I just read the interview with Mr. Diamandis on Hobbyspace, very good one. I also have read the recent X-Prize press release by Mr. Diamandis where he stresses the need for frequent space flights. It would have been very interesting to hear comments from Mr. Diamandis on "A Rocket a Day" concept, proposed in 1993 ...

There has been a lot of discussion of benefits and shortfalls of prizes to advance space developments recently. Some people say that one-time prize will not be sufficient to sustain continued interest in space access by private sector. Also, manned flight sets very high reliability requirements for space vehicles. And as is said "when failure is not an option, success can get very expensive". Unmanned "a rocket a day" launcher would be very good stepping stone for private enterpreneurs to build up experience and reliability of their vehicles incrementally.

Obviously, the usual launch customers ( satellites, space probes ) will not trust their multimillion-dollar hardware to launch vehicles with 60% success rate, even if those are indeed very cheap. If there were market for raw materials, like rocket fuels or bulk construction materials up there, that cost very little on earth but can be of high value up in orbit, such vehicles can be very useful.

For instance, putting an orbital "gas station" up there ( perhaps even on ISS ) would possibly serve as very good kickstart to cheap space access. Theorethically, there could be many customers ( space tugs, interplanetary vehicles, manned orbital vehicles with powered reentry as opposed to thermal). Also, supply could potentially come both from earth, and from space ( asteroid mining, lunar LOX ).

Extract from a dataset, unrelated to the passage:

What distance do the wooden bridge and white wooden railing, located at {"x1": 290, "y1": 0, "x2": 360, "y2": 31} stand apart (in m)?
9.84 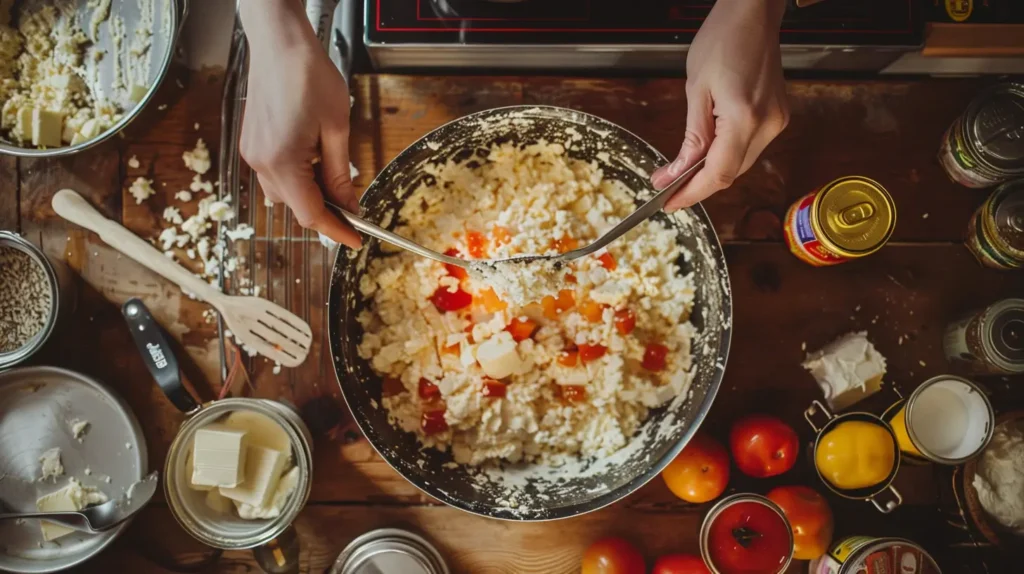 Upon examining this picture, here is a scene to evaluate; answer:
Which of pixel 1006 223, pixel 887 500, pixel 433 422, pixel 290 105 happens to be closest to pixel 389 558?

Essentially this would create a entire new market and economy on orbit, plus it would finally establish some real space infrastructure to build on. This is something that government should initially fund, but probably wont....

Yes, mass production of rockets would be one good way to lower the costs to orbit. I think, though, I would let the RLV companies also bid for the contract. E.g. the government would promise up to $500 M to the first company that can launch X amount of payload per day or week. If an ELV approach wins, fine, but fast turnaround, even one-day, is not impossible for RLVs and so such a design might win.

BTW: Kistler has proposed a somewhat similar concept in the sense of providing potential small payload users a fixed date launch service. See "Space Access for Small Satellites on the K-1" at http://www.kistleraerospace.com/publications.html They would like to sell "Tickets-to-Orbit" that would guarantee a slot on their multiple payload dispsenser for a launch on a particular day. Kistler claims the K-1 could fly every 9 days for $17 million with up to 4000kg to LEO equatorial.

I do think their would be a strong response to such reliable and low cost launch opportunities. I attended the Utah Smallsat meeting a few years ago and came away very impressed with all of the great ideas for small payloads. I also was very pleased to see many young people, including a lot of undergrads, involved in satellite projects. (The undergrads seemed to be in a state of giddy amazement that they were actually building something that would go into space.) However, I'm sure that most of the undergrads long graduated before their birds made it to space. There really is a serious deficiency in low cost, frequent rides even for nanosats.

With Mr. Diamandis being the most recognized proponent of frequent space access, it would have been very interesting to hear his thoughts on the matter. Could there be a follow-up interview ?

Not so keen on asking for another interview so soon. Like most of the interviews I have in progress, it can takes a few weeks to get responses back from super busy people like Peter. I will send him a suggestion that he start a regular column at the X PRIZE site where he responds to feedback from the public.